I agree with you. (Not quite about the electric chair - but I could be convinced.) I’d simply meant to report the way that the penal codes deal with the two different kinds of crime. Not to imply my approval of the dichotomy.
It says that Amico got an enhanced sentence–more time than the standard sentence.
Apparently what has happened here is that Amico was tried on only a small fraction of the offenses that he committed. Fraud trials tend to be quite expensive, so the prosecutor probably exercised discretion and only charged one or a few counts, got a conviction, and then asked the judge to enhance the sentence based on the additional, uncharged offenses.
The article discusses recent Supreme Court cases that require the jury to find sentencing facts beyond a reasonable doubt. In Amico’s case, the judge found the facts. But there is a more important nuance to consider: Amico was apparently sentenced in federal court. Federal courts apply federal sentencing law. So the case, at least the part of it discussed in the article, is unrelated to NYS law.

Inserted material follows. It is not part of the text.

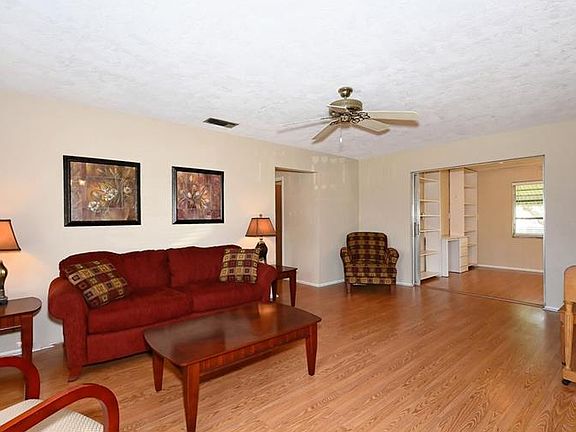 3rd image of 3305 Teal Ave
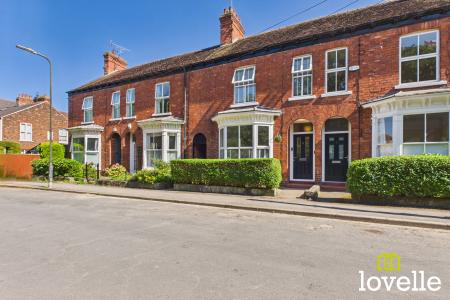 3 bedroom Terraced House for sale in Arlington Avenue, Cottingham, HU16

There is no mention of any cap, and I am unaware of any. Every offense has its maximum sentence, and there is the issue of concurrent sentencing. But as far ask I know, no state has a per indictment limit on sentencing. YMMV
Yeah. What I’d been specifically commenting upon earlier was that at the time of the indictment it had been reported that even if the Amico’s had been convicted of all the offenses they were charged with because (the way I understood it) was that sentencing would have been concurrent, rather than consecutive, because it wasn’t a violent crime. Which might have made sense if we were talking 5 or even ten counts…
But 1000 counts?
(And, no, I don’t think I’m exaggerating on the number of counts on the original indictment: First was mortgage fraud. Then compounded by conspiracy, bribery, and embezzlement. Plus construction failings in the latter houses built by the company. Which added a whole new layer of conspiracy, bribery and embezzlement charges with the various building inspectors. Multiplied by approximately 150 houses that were involved in the fraud schemes. And once the Amico’s lawyer plead guilty and turned state’s evidence - it was pretty much all over for getting not-guilty verdicts.)
Hell, what’s wrong with using the original sentencing guidelines for the first charge, then adding, say, a month, for each additional count? So, 10-20 years, plus 1000 months would work for me.